PROVIDED DATA ▸

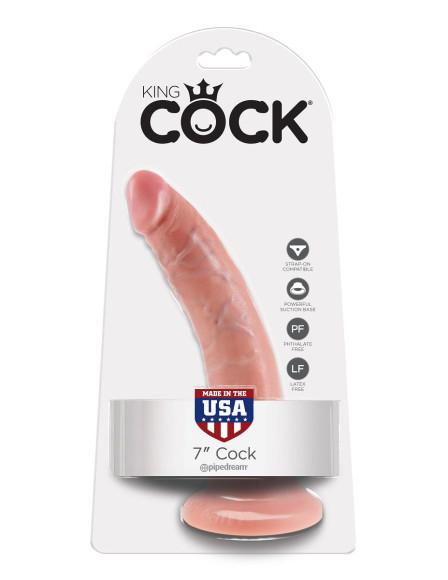 Телесный фаллоимитатор с присоской 7 Cock - 17,8 см. Телесный фаллоимитатор с присоской 7 Cock - 17,8 см.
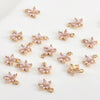 Copper Goldplated Fiveleaf Flower Zircon Pendant Jewelry Accessories Handmade With Electroplating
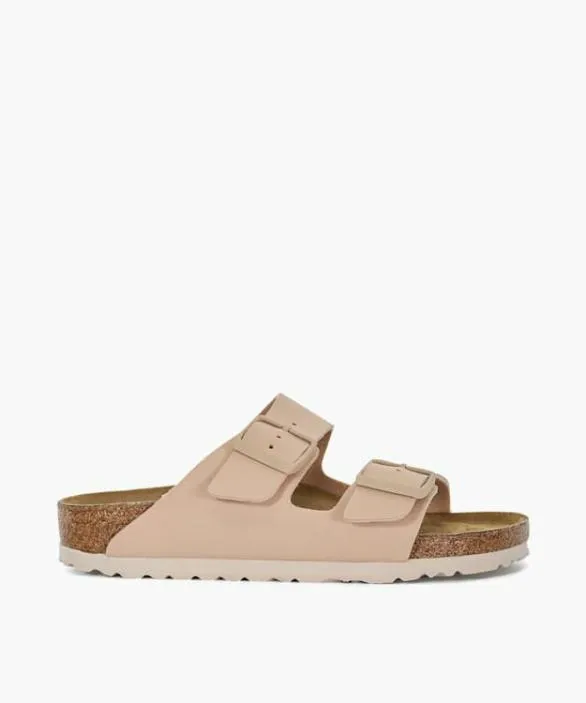 Dune London Flat Sandals Women Arizona Birko F Beige Two Strap Sandals Brown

AIM OF THE EXERCISE ▸ The material above should be repeated word for word, with every picture omitted.

EXPECTED OUTPUT ▸
 Телесный фаллоимитатор с присоской 7 Cock - 17,8 см. Телесный фаллоимитатор с присоской 7 Cock - 17,8 см.
 Copper Goldplated Fiveleaf Flower Zircon Pendant Jewelry Accessories Handmade With Electroplating
 Dune London Flat Sandals Women Arizona Birko F Beige Two Strap Sandals Brown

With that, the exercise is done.